Einstein's brief visit to campus produced the only known photograph of him in front of a blackboard with a variant of his famous equation. The photograph, taken from a balcony of the Little Theaters, now known as Kresge Theater, is foggy but decipherable.
Fred Gilman, former dean of the Mellon College of Science, said the event was one of a series of remarkable connections between Carnegie Tech and members of the Manhattan Project, which developed the first atomic bomb.
A lesser-known story was the attendance of Philip Morrison, a young physics student who snuck into the event and may have seen that lecture as an inspiration for his life's work. He went on to help build the first atomic bomb, rally against the nuclear arms race, extend science outreach and begin the search for extraterrestrial life.
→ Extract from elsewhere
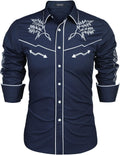 COOFANDY Men's Western Cowboy Embroidered Button Down Shirt - Slim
Although Einstein's lecture was just one of many events at the AMS Conference, press coverage focused almost exclusively on him. The event was one of his first major public appearances in the U.S. after arriving at the Institute for Advanced Study.
"People clambered to see Einstein's lecture because he was one of the world's first rock-stars," said Gregg Franklin, a professor of physics at CMU. "In his words, Einstein's famous E = mc2 equation tells us that 'mass and energy are both manifestations of the same thing — a somewhat unfamiliar conception for the average mind.'"
On the 82nd anniversary of the event, the photograph and lecture are still topics of discussion, said David Topper, a Pittsburgh native and a professor of the History of Science at the University of Winnipeg who has written several books about Einstein.
The Gibbs lectures, which were established by the AMS in 1923 and continue today, are intended for a general audience. While Einstein delivered his lecture in English — a rarity — and spoke less than an hour, he did not simplify the language, which Topper said was typical for an Einstein lecture.
Most of the 350 attendees in the audience were AMS members, though a small portion of tickets was available to the general public. According to some reports, scalpers were selling tickets for as much as $50 and almost a thousand hopeful attendees showed up at the theater.
Topper wrote that Morrison and a friend from the Drama Department, who had a key to the theater, snuck in. Despite having suffered polio, Morrison climbed to the scaffolding above the stage "where all they could see was the top of Einstein's head."
After the talk, Einstein answered questions at a press conference, where one reporter knew something about physics.
"Einstein was asked if you could get useful energy out of E = mc2," Gilman said. "He did not believe it was possible, invoking physics processes at the atomic scale. Four years later fission of the uranium nucleus was discovered."
Morrison graduated from Carnegie Tech in 1936 and went on to receive his Ph.D. in theoretical physics from the University of California at Berkeley under J. Robert Oppenheimer, who later recruited him to work for the Manhattan Project.
"It was one of those incredible coincidences," Gilman said, "that ten-and-a-half years after the lecture, it was Phil Morrison who went to a safe in Los Alamos, took out the plutonium core for the first bomb and then assembled it for the first nuclear explosion at Almagordo, N.M. Many millions of time the energy was produced compared to the plutonium being replaced by TNT."
When Morrison died in 2005, a New York Times obituary described him as not being surprised by the light of the explosion, but by its heat.
Morrison later became a vocal advocate for international arms control and helped found the Federation of American Scientists for that cause. He also popularized science through shows such as the PBS series "The Ring of Truth," and as a script writer and narrator for the 1977 film "Powers of Ten."